Many more people came to our Saturday night cocktail affair on Beale Street, and while people still greeted those that they may have only spoke a few words to in high school, everyone seemed to migrate back into their natural high school clicks. And that was OK too. It was understandable that everyone wanted to spend time catching up and having fun with the people who had their backs in high school — I know I didn’t get enough of my HS BFFs in two short days. To know that we could spend so much time apart and still find ways to laugh and enjoy ourselves with our old friends was comforting.

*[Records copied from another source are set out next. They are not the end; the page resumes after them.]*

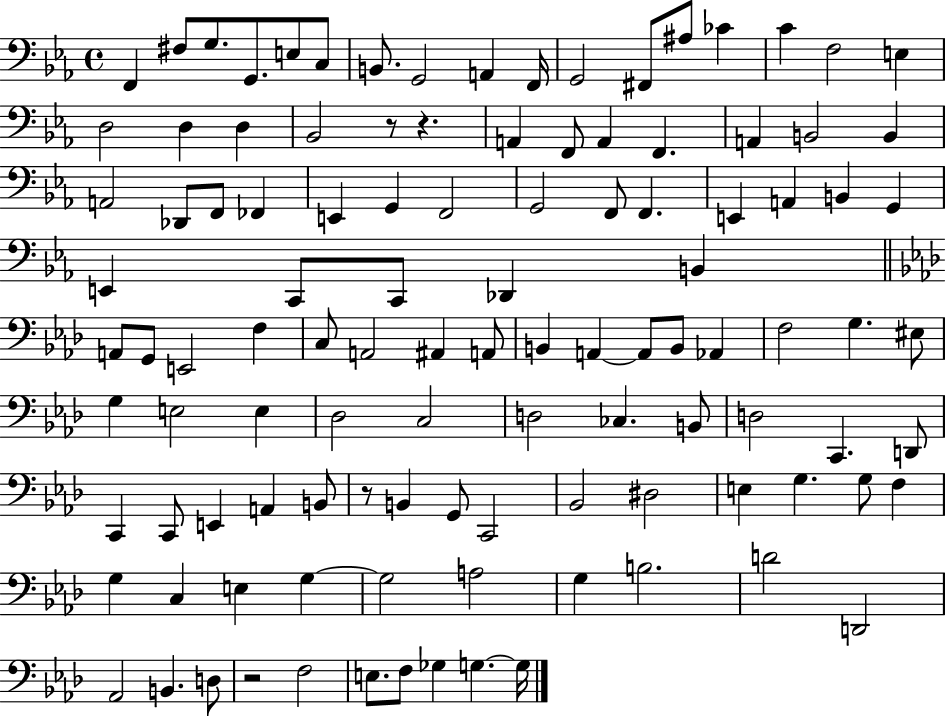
F2/q F#3/e G3/e. G2/e. E3/e C3/e B2/e. G2/h A2/q F2/s G2/h F#2/e A#3/e CES4/q C4/q F3/h E3/q D3/h D3/q D3/q Bb2/h R/e R/q. A2/q F2/e A2/q F2/q. A2/q B2/h B2/q A2/h Db2/e F2/e FES2/q E2/q G2/q F2/h G2/h F2/e F2/q. E2/q A2/q B2/q G2/q E2/q C2/e C2/e Db2/q B2/q A2/e G2/e E2/h F3/q C3/e A2/h A#2/q A2/e B2/q A2/q A2/e B2/e Ab2/q F3/h G3/q. EIS3/e G3/q E3/h E3/q Db3/h C3/h D3/h CES3/q. B2/e D3/h C2/q. D2/e C2/q C2/e E2/q A2/q B2/e R/e B2/q G2/e C2/h Bb2/h D#3/h E3/q G3/q. G3/e F3/q G3/q C3/q E3/q G3/q G3/h A3/h G3/q B3/h. D4/h D2/h Ab2/h B2/q. D3/e R/h F3/h E3/e. F3/e Gb3/q G3/q. G3/s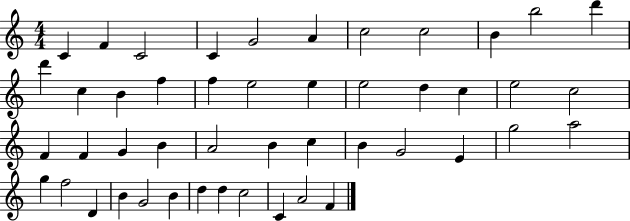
X:1
T:Untitled
M:4/4
L:1/4
K:C
C F C2 C G2 A c2 c2 B b2 d' d' c B f f e2 e e2 d c e2 c2 F F G B A2 B c B G2 E g2 a2 g f2 D B G2 B d d c2 C A2 F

I never once felt anxious about the whole thing, and am here to reassure you younguns who might be grappling with the decision of whether to attend your reunion in the next year or two. From what I’ve read on other blogs and heard from friends older than I, my experience is not unique. If you’re anxious, know that there are people from all heights of the social ladder who feel the same way. If you’re worried about losing interest in the reunion after an hour, pressure an old classmate into going with you to be your safety net. If you feel like you don’t care about your old classmates, know that everyone changes and matures.
It’s really not about your old classmates anyway. It’s about recognizing how you and everyone else have grown and changed while still managing to maintain a sense of who you were as a kid. And it’s about celebrating that paradox and the reassuring feeling that comes from it.
Beautiful post that is SO true. I was scared sh*tless to go to my 10 year and afterward, I was so glad I did. It was nice to see how people had evolved and moved on (some at least) and rather than use it as a time to put others down for their bad choices like they did me in high school, it was nice to see how far I’ve grown in that time and where it’s lead me and others.
Glad you had a good time. As I mentioned to you on Twitter, I wasn’t even invited to my high school reunion. I would blame it on the fact I’ve moved roughly 50 times since high school, but my parents still live in the same house, so there’s no excuse.
I would say that’s one case where you SHOULDN’T go anyway. Clearly the people in charge haven’t matured beyond their 18-year-old selves if they couldn’t be bothered to invite everyone.
Well put! I felt the same way about my (ahem) recent 20th reunion. These two sentiments particularly resonated with me:
“To see that we could come together and forget whatever it was that might have kept us apart during school was amazing.”
“It’s about recognizing how you and everyone else have grown and changed while still managing to maintain a sense of who you were as a kid.”